Add relationships from CSV files

Similarly to what we have done for nodes, we now create relationships from the actors.csv file. In the following examples, LOAD CSV is used with:

  • WITH HEADERS to access row fields by their corresponding column name;

  • USING PERIODIC COMMIT is used to control memory usage by creating a commit every n processed rows rather than after processing the whole file. This is especially useful when loading large files;

  • FIELDTERMINATOR is used to explicitly set the field terminator character (although the comma is the default).

Furthermore:

  • MATCH and MERGE are used to find nodes (taking advantage of the constraints created in the Create constraints section) and create a relationship between them.

  • ON CREATE SET is used to set the value of a relationship property when a new one is created.

  • RETURN count(*) is used to show the number of processed rows.

gds.run_cypher("""
    USING PERIODIC COMMIT 50
    LOAD CSV
      WITH HEADERS
      FROM 'https://data.neo4j.com/intro/movies/actors.csv' AS row
      FIELDTERMINATOR ','
    MATCH (p:Person {name: row.person})
    MATCH (m:Movie {title: row.movie})
    MERGE (p)-[actedIn:ACTED_IN]->(m)
      ON CREATE SET actedIn.roles = split(row.roles, ';')
    RETURN count(*)
""")
USING PERIODIC COMMIT 50
LOAD CSV
  WITH HEADERS
  FROM 'https://data.neo4j.com/intro/movies/actors.csv' AS row
  FIELDTERMINATOR ','
MATCH (p:Person {name: row.person})
MATCH (m:Movie {title: row.movie})
MERGE (p)-[actedIn:ACTED_IN]->(m)
  ON CREATE SET actedIn.roles = split(row.roles, ';')
RETURN count(*)
load_actors_csv = """
    USING PERIODIC COMMIT 50
    LOAD CSV
      WITH HEADERS
      FROM 'https://data.neo4j.com/intro/movies/actors.csv' AS row
      FIELDTERMINATOR ','
    MATCH (p:Person {name: row.person})
    MATCH (m:Movie {title: row.movie})
    MERGE (p)-[actedIn:ACTED_IN]->(m)
      ON CREATE SET actedIn.roles = split(row.roles, ';')
    RETURN count(*)
"""

# Create the driver session
with driver.session() as session:
    # Load the CSV file
    session.run(load_actors_csv).data()

Run a Cypher query

Once all the nodes and relationships have been created, we can run a query to check that the data have been inserted correctly.

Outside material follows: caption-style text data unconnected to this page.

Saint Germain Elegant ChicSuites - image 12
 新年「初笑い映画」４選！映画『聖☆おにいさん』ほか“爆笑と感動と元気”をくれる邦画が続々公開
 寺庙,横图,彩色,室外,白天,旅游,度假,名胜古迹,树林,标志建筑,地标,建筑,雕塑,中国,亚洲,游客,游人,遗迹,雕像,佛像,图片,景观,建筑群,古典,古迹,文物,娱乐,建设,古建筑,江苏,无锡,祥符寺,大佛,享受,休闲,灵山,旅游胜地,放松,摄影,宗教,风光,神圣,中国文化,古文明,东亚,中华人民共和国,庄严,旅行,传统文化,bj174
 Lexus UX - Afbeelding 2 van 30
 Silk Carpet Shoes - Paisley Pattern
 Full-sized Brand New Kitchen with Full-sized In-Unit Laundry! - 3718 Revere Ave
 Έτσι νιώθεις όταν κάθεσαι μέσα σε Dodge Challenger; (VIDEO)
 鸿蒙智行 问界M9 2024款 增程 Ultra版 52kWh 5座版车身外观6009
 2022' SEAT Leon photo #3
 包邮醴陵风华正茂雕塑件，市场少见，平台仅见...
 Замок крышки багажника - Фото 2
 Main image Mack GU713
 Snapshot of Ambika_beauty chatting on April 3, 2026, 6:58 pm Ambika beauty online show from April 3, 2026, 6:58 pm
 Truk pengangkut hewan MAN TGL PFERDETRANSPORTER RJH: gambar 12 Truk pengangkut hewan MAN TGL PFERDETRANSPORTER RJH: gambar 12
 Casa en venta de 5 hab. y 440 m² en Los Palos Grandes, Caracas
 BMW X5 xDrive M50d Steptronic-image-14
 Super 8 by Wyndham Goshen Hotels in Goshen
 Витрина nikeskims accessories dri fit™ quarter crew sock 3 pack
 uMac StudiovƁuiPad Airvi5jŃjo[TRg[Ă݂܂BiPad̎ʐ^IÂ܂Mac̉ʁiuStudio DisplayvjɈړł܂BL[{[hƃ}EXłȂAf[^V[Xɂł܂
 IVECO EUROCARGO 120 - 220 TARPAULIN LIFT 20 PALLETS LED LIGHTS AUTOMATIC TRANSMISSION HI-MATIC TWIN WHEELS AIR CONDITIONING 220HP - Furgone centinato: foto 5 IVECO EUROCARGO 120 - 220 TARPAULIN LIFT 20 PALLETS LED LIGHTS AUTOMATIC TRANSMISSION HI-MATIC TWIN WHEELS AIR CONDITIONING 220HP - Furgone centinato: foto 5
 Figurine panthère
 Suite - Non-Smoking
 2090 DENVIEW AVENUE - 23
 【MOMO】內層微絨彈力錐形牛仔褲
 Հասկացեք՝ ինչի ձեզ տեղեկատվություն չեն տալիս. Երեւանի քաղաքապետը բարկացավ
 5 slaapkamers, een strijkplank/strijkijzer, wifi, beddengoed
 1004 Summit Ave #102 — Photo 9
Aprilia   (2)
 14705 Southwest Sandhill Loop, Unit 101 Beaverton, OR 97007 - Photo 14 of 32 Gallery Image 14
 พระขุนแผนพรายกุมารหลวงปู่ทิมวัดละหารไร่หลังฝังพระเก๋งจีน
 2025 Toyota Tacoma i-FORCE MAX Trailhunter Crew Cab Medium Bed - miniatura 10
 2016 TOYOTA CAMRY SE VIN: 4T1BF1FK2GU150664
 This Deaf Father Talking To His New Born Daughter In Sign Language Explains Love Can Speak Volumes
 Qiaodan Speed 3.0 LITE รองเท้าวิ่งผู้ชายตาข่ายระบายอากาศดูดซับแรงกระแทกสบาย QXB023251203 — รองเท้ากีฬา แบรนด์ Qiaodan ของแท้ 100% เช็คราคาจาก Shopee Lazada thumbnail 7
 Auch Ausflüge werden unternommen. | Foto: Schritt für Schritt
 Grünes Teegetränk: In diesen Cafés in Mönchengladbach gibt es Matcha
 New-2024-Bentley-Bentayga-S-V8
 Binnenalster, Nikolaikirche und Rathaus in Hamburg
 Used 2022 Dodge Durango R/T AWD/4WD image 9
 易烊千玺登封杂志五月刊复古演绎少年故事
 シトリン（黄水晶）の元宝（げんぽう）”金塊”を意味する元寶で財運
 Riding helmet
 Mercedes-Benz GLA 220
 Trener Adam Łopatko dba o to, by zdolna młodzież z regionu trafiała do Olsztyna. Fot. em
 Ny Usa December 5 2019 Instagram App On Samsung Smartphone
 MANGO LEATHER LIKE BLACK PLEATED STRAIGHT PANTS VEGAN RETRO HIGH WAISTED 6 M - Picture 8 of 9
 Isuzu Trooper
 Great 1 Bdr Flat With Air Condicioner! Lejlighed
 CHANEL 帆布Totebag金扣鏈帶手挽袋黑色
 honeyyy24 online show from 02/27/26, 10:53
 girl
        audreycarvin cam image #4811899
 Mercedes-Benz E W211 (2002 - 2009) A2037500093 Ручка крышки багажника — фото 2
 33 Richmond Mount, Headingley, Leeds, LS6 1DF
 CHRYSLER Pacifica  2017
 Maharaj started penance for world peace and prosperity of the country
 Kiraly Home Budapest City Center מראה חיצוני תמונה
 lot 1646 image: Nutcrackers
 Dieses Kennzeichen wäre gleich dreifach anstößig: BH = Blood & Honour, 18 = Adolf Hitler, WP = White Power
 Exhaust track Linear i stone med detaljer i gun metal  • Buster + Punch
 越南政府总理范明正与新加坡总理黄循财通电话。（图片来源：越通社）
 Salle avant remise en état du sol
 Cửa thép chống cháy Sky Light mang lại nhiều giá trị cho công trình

The following query looks for movies with Keanu Reeves, orders them by release date and groups their titles.

gds.run_cypher("""
    MATCH (person:Person {name: "Keanu Reeves"})-[:ACTED_IN]->(movie)
    RETURN movie.released, COLLECT(movie.title) AS movies
    ORDER BY movie.released
""")
MATCH (person:Person {name: "Keanu Reeves"})-[:ACTED_IN]->(movie)
RETURN movie.released, COLLECT(movie.title) AS movies
ORDER BY movie.released
query = """
    MATCH (person:Person {name: "Keanu Reeves"})-[:ACTED_IN]->(movie)
    RETURN movie.released, COLLECT(movie.title) AS movies
    ORDER BY movie.released
"""

# Create the driver session
with driver.session() as session:
    # Run the Cypher query
    session.run(query).data()

Cleanup

When the data are no longer useful, the database can be cleaned up.

# Delete data
gds.run_cypher("""
    MATCH (n)
    DETACH DELETE n
""")
MATCH (n)
DETACH DELETE n
delete_data = """
    MATCH (n)
    DETACH DELETE n
"""

# Create the driver session
with driver.session() as session:
    # Delete the data
    session.run(delete_data).data()